Updated on November 2, 2016

Before Reading

I know what this book is about and can kind of remember how it ends, but cannot for the life of me remember how to get from one to the other. So I guess this is going to be a fun, or at least enlightening, reread.

After Reading

Since Canis has been slowly being consumed by the Big Bad Wolf, the "Hood" in the title should give you a hint where we go in this book: back to the beginning -- the tale of Little Red Riding Hood. "Tales from the Hood" begins with the arrest of Mr. Canis. Granny Relda hires some local attorneys (who actually did attend law school over the Internet, as opposed to the "town dentist" who did not go to dental school). The attorneys? Robin Hood and his Merry Men.

Robin demands that Canis be given a trial and his request is granted. Unfortunately, the Mad Hatter is named as the judge and the jury consists entirely of members of the Scarlet Hand, so it doesn't seem apparent whether giving the Wolf a trial is a good thing or not. The trial, and the fact that "Judge" Hatter doesn't give the defense any chance to, well, defend Canis means that the good guys have to finally get off their butts and find out what really happened 600 years ago.

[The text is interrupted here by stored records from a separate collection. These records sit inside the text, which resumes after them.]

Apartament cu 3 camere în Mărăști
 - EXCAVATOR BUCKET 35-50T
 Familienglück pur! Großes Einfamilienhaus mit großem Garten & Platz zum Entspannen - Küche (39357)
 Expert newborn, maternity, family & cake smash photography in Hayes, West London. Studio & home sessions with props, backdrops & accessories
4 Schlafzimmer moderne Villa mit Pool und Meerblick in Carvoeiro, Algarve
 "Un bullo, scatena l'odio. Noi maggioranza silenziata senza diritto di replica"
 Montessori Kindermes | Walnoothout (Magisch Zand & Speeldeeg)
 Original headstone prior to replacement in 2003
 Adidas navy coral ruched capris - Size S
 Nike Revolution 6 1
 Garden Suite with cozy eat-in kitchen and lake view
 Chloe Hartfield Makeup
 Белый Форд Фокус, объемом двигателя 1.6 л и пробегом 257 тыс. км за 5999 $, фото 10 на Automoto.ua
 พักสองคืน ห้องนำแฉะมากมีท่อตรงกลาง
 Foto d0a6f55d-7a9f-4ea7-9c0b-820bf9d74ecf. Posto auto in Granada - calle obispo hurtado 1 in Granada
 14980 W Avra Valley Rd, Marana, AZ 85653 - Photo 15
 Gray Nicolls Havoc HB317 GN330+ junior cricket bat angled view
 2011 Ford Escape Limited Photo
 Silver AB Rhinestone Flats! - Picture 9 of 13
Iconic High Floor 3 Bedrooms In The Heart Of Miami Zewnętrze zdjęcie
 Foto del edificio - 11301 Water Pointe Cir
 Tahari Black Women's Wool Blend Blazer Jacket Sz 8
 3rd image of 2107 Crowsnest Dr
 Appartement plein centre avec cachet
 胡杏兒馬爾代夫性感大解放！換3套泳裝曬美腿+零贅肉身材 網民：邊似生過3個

There are two subplots here. At the end of "Magic and Other Misdemeanors" we find out that the secret to waking up Henry and Veronica is Henry's ex-girlfriend, Goldilocks. The major subplot is Jake and the girls' attempts to track down Goldilocks, who is traveling the world seemingly at random. They watch Goldilocks visit several locations and finally get an address that they can use to reach her in Venice, Italy. The other subplot grows out of future-Daphne telling Daphne that she would have to do some growing up pretty soon. Daphne decides to grow up all at once.

We find out what the weapon was that the Three Little Pigs put in the safe deposit box at the bank. In the process, Sabrina manages to, once again, alienate those who love her.

There's really not much more I can say about the plot without spoiling something important. I do find it ironic that Relda is a detective and she has known Canis for decades and considers him her best friend and yet she has never bothered to use her detective skills to find out what, exactly, happened in Red and Canis's past. .Maybe she was afraid of what she'd find out, but it seems kind of sloppy on Relda's part that she waited until the eleventh hour to even start to look.

In other news, remember back in my review of "The Fairy-Tale Detectives" when I said that one of the things that happened in that book would end up being a plot-hole? Something happens at the very end of "Tales from the Hood" that tells me that we'll be seeing that plot-hole in the next book, "The Everafter War."

I am also confused about my sub-subplots. There is a character development thing relating to Sabrina that happens in this book that I could have sworn happened earlier in the series, and the character development moment that I thought came right after "Magic and Other Misdemeanors" that hasn't happened yet. Maybe that will happen in the next book.

Overall, this was an important book for storyline development purposes, but I am not as enthusiastic about this book as I am about others in the series.